Lors d’un précédent voyage, en décembre 2018, nous avions rencontré Mme Natalia Ibañez dans un avion. Elle avait ensuite chaleureusement proposé de nous accueillir dans sa ville. « Santa Cruz, c’est la ville la plus moderne de Bolivie. Vous avez vu tous ces condos, avait-elle alors interrogé, en référence aux lotissements privés et gardés, qui pullulent ici. C’est normal, nous, à Santa Cruz, on sait investir l’argent ; on sait le faire fructifier. Pas comme ces Indiens qui enfouissent le leur dans la terre, en offrande à leur “Pachamama”. » À l’époque, Mme Ibañez ne rêvait que d’une seule chose : évincer du pouvoir le président Evo Morales, cet « Indien illettré ».

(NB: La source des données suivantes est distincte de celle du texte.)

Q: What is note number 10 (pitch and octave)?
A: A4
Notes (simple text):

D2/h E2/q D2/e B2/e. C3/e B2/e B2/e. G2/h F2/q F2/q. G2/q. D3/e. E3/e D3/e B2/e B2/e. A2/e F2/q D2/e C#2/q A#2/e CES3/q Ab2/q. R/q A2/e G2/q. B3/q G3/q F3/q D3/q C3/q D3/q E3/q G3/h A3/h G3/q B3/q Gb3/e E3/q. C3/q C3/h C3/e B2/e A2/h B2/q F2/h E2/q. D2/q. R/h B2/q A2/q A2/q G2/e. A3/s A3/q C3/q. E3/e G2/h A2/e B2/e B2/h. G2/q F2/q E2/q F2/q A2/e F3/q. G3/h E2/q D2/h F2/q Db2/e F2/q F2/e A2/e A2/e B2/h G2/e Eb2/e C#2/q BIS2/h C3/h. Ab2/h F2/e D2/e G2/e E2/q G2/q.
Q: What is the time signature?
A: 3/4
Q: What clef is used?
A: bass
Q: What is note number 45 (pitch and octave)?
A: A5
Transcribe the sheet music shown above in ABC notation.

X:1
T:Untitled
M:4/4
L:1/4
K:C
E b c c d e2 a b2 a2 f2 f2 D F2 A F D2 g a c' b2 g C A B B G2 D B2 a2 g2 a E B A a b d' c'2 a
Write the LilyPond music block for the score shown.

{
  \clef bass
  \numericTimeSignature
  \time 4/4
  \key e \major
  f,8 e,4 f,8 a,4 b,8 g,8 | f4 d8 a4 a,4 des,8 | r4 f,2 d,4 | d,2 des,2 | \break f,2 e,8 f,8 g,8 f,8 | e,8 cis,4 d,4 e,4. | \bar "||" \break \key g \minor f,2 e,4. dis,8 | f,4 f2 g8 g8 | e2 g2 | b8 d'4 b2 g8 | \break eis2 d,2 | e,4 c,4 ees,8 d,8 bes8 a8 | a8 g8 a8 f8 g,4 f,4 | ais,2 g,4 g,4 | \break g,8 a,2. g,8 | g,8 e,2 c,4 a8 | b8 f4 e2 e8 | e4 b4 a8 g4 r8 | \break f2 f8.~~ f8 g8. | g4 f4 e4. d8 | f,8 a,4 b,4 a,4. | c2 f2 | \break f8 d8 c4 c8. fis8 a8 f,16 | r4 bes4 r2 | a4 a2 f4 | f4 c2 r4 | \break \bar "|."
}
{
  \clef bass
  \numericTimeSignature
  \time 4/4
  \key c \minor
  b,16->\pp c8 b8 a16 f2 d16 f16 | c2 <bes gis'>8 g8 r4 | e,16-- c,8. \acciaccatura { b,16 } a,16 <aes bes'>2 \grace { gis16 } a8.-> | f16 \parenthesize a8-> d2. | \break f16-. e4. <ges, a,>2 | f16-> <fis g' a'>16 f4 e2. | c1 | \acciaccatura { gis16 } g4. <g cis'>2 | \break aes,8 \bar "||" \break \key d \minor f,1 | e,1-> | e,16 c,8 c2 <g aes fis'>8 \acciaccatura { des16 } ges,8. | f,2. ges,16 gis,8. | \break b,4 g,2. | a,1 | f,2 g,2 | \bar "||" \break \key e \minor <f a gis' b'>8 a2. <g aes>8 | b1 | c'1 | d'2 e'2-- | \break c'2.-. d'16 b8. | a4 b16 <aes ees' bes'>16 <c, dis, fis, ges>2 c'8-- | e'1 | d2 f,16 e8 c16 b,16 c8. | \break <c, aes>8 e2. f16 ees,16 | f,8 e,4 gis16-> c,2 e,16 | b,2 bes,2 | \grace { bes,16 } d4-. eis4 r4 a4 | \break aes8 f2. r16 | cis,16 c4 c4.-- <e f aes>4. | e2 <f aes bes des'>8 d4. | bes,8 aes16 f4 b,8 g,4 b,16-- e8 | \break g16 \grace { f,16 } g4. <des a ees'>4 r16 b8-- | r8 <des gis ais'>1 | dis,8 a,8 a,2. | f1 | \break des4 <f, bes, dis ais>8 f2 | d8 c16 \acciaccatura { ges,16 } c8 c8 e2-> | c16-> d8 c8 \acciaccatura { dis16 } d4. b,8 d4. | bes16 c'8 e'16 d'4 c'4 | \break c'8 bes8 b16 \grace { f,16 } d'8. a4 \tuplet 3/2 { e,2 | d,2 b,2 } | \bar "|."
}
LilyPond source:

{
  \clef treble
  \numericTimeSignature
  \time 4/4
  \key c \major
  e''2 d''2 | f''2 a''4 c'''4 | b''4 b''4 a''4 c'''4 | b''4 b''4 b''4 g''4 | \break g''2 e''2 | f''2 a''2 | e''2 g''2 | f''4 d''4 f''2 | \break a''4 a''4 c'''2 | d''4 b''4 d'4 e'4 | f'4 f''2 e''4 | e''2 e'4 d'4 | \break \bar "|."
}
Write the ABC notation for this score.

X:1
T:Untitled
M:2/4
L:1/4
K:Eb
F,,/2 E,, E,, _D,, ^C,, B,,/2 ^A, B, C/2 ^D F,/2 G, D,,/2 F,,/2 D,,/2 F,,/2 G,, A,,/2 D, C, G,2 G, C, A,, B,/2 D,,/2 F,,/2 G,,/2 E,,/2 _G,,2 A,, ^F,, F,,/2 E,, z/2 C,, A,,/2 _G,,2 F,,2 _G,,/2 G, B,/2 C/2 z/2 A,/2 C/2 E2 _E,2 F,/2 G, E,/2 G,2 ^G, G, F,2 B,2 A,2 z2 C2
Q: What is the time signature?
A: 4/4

Le nec plus ultra, ici, consiste à ressembler à un Américain
Près d’un an plus tard, Mme Ibañez nous a donné rendez-vous au Divine, un nails bar (littéralement «bar à ongles ») flambant neuf, tout de marbre et de verre. Les employées, nombreuses, portent blouses blanches courtes, chaussures compensées et lentilles de couleur bleue, les rendant semblables aux chanteuses substituables qui défilent sur les écrans accrochés aux murs, branchés sur la chaîne MTV. Les clientes du salon, quant à elles, s’évertuent à ne parler entre elles qu’en anglais (jusqu’à ce qu’un manque de vocabulaire les contraigne à repasser à l’espagnol). C’est que le nec plus ultra, ici, consiste à ressembler à un Américain. C’est ainsi qu’à l’aéroport nombre d’habitants de la ville dotés de la double nationalité bolivienne et américaine préfèrent faire la queue à l’immigration en utilisant leur passeport américain plutôt que de passer dans une file pourtant beaucoup plus rapide avec leur document bolivien. Tout en faisant rafraîchir sa manucure, Mme Ibañez nous dit sa joie d’avoir été exaucée. Non sans une certaine fierté. C’est son cousin qui a « libéré la Bolivie de l’enfer de la dictature » : M. Luis Fernando Camacho, avocat millionnaire à la quarantaine dynamique — et qui, d’après les informations divulguées par le Consortium international des journalistes d’investigation (ICIJ) en avril 2016, a créé trois sociétés offshore au Panamá qui ont permis à des particuliers, dont lui-même, ainsi qu’à des entreprises boliviennes de dissimuler et blanchir leur argent et d’établir des plans d’évasion fiscale…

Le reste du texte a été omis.